Friday, July 20, 2018

On "Things You Should Know about Cassandra Dee" by Amber Sparks (1801 words) ****

This story starts promisingly. It's about a girl who is ugly, really ugly. She dreams of other people's deaths--the future. And she dreams her own. But what she really dreams of is being pretty, if only for a moment. Read the story here at Atticus Review.

On "What Is Gnosticism?" by Karen L. King ****

Despite the seemingly simplistic title, this is not exactly a primer on the subject, but it does serve as a useful introduction nevertheless. King essentially spends the book denoting the trouble with defining the term gnosticism and then covering the history of its definition.

Gnosticism, in its earliest variety, was simply heresy. If something did not fit into what became Christian orthodoxy, early writers termed it gnostic--or more often heretical (because the gnostic term itself didn't really come to be until the Middle Ages, and even then, regular usage only really comes into being much later).

Attempts to define and determine the origins of gnosticism begin to make some real headway under Adolf von Harnack, who tied it to the hellenization of Judaism and Christianity. The History of Religions school said, not quite, finding ways to tie it to ancient Eastern philosophies (in, for example, Iran). Still other scholars tied it into pre-Christian Jewish ideas. In general, it would be easiest just to say that gnosticism is syncretic.

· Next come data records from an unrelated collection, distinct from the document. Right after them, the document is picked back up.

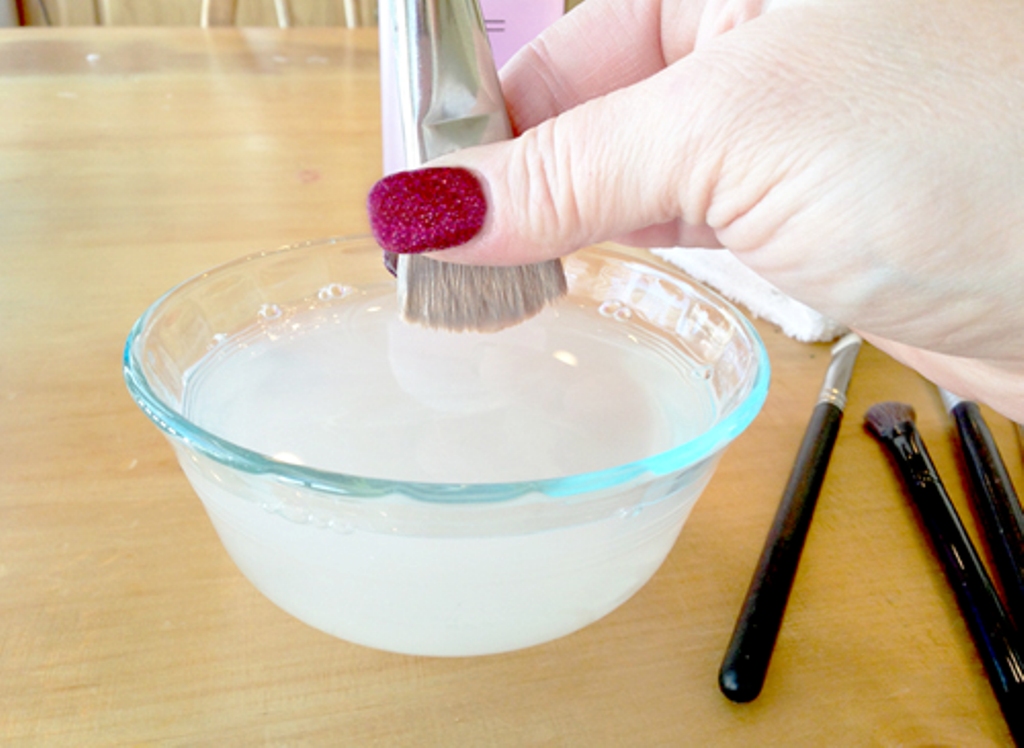 How Can I Clean My Make-up Brushes? 8 How Can I Clean My Make-up Brushes (7)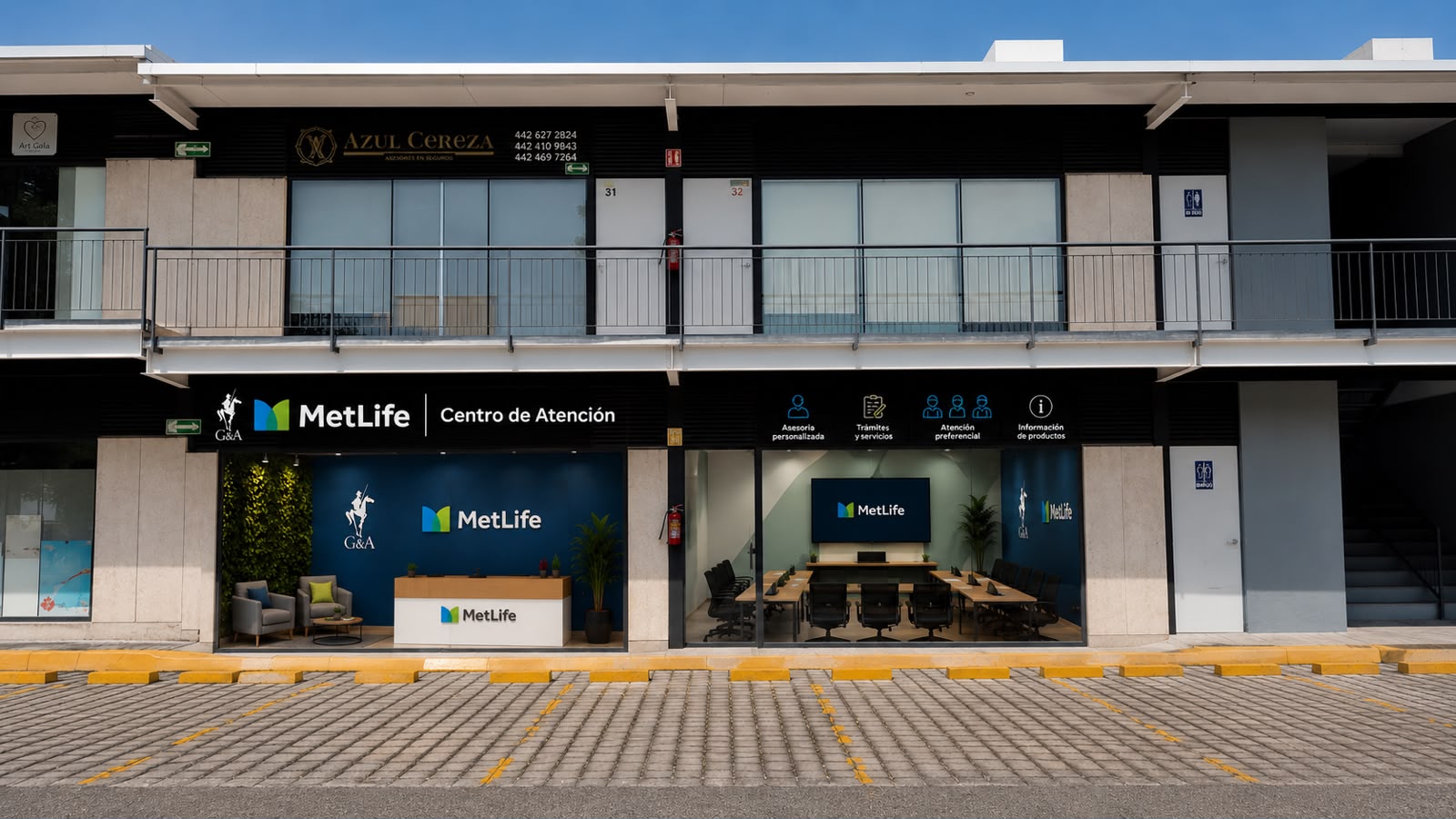 Entrada de Plaza Riviera y acceso al estacionamiento, Querétaro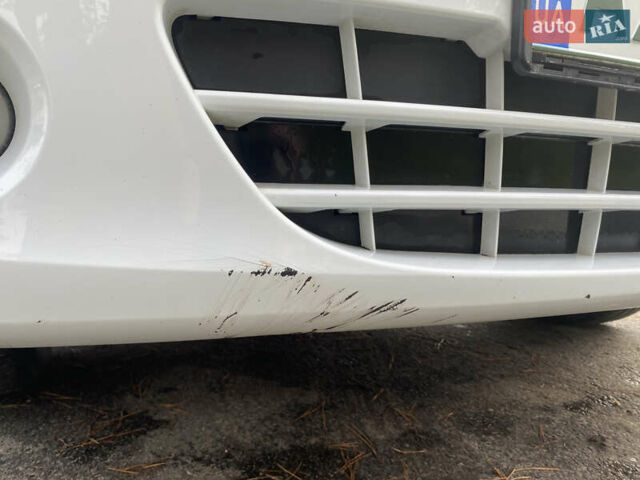 Белый Рено Кенгу, объемом двигателя 0 л и пробегом 80 тыс. км за 9000 $, фото 11 на Automoto.ua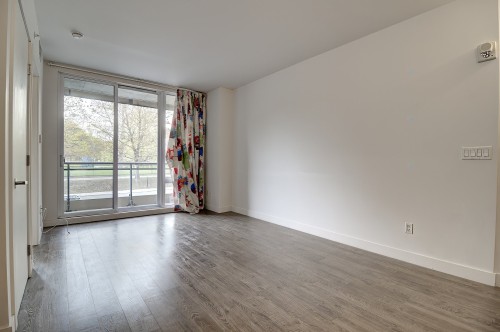 Living Room - 205-3300 Av. Troie, Montréal (Côte-Des-Neiges/Notre-Dame-De-Grâce), QC - Indoor Photo Showing Other Room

But this still begs the question of what gnosticism is. King spends the rest of the book looking at various definitions and then also at primary documents from the gnostics themselves. One trick with regard to discussing gnosticism has been that has largely been defined by its enemies. But when we look at so-called gnostic documents, suddenly there is not as much unity of belief, and "heresies" are not the same across the board. One could easily point to various origins or create various definitions depending on the document examined. For this reason, the term gnosticism may better be simply jettisoned. As King notes, early Christian teachings were in flux, and one can't really say that there was a uniform alternative.